Opinion
August 21, 1989
Appeal from the Supreme Court, Dutchess County (Benson, J.).
Ordered that the order is reversed, on the law and the facts, with costs, the motion is granted, and the default judgment is vacated.
We find that the motion to vacate the default judgment should have been granted. Regardless of the manner in which service was effected, the defendant demonstrated a reasonable excuse for any delay in appearing and a meritorious defense to the action (see, CPLR 317, 5015).
If service were made by personal delivery (see, CPLR 308), then the notice of appearance was only four days late. Under the circumstances, such a short period of delay should not preclude a defense on the merits especially as the plaintiff has not claimed any prejudice (see, Mulder v. Rockland Armor Metal Corp., 140 A.D.2d 315). Further, the discrepancies between the name on the summons and the proper name of the defendant were sufficient to qualify as a reasonable excuse for the delay.

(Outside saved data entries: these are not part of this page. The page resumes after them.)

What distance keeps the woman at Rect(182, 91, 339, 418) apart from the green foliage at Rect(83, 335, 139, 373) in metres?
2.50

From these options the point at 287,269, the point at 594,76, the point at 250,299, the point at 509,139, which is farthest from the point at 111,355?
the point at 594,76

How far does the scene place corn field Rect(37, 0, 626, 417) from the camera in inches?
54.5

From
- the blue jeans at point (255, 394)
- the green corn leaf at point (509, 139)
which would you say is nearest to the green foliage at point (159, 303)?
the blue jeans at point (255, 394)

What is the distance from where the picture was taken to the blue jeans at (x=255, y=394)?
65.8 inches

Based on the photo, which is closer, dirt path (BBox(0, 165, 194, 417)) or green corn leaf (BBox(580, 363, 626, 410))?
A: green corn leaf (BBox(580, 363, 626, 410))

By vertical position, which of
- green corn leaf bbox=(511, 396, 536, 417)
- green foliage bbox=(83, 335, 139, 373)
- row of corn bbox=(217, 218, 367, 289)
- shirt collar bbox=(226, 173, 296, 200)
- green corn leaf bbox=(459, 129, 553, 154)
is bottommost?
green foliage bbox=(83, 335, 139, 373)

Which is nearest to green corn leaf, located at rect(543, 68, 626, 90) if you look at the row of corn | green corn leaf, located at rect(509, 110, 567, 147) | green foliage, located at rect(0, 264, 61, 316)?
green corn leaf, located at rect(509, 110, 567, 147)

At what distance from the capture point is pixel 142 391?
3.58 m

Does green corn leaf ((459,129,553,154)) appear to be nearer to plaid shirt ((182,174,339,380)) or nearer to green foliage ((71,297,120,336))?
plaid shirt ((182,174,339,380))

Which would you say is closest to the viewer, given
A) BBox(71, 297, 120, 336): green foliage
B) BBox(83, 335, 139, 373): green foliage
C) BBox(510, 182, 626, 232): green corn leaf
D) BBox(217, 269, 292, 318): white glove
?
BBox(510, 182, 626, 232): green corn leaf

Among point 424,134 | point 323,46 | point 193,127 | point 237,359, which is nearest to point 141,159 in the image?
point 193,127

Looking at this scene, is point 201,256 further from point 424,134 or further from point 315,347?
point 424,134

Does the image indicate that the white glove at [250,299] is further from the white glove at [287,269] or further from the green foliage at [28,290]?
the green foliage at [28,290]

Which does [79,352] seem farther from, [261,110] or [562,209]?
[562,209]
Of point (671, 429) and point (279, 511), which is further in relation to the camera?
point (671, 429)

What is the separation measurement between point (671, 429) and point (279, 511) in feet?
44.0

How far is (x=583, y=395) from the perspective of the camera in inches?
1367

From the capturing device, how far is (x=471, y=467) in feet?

If service were made by substituted service (see, CPLR 308), then the notice of appearance was timely served and no default occurred. Indeed, even if there had then been a failure on the part of the defendant to timely appear, it would only have been necessary to show that the proper party did not receive notice of the action in time to defend and that he had a meritorious defense (see, CPLR 317).
In any event, we find that a meritorious defense to the action was demonstrated. The lease contemplated that certain changes in the premises were necessary so that the premises could be used for the purposes intended, that is, as a restaurant and that such changes must comply with the relevant rules and regulations. It was alleged that it became impossible to make the changes through no fault of either party due to the inactivity of the local building department with respect to the defendant's applications.
Since the intended purpose of the lease may have become impossible to effectuate through no fault of the defendant tenant, he may have been entitled to terminate the lease (see, Elkar Realty Corp. v. Kamada, 6 A.D.2d 155, lv dismissed 5 N.Y.2d 844; Benderson Dev. Co. v. Commenco Corp., 44 A.D.2d 889, affd 37 N.Y.2d 728). Bracken, J.P., Kunzeman, Sullivan and Balletta, JJ., concur.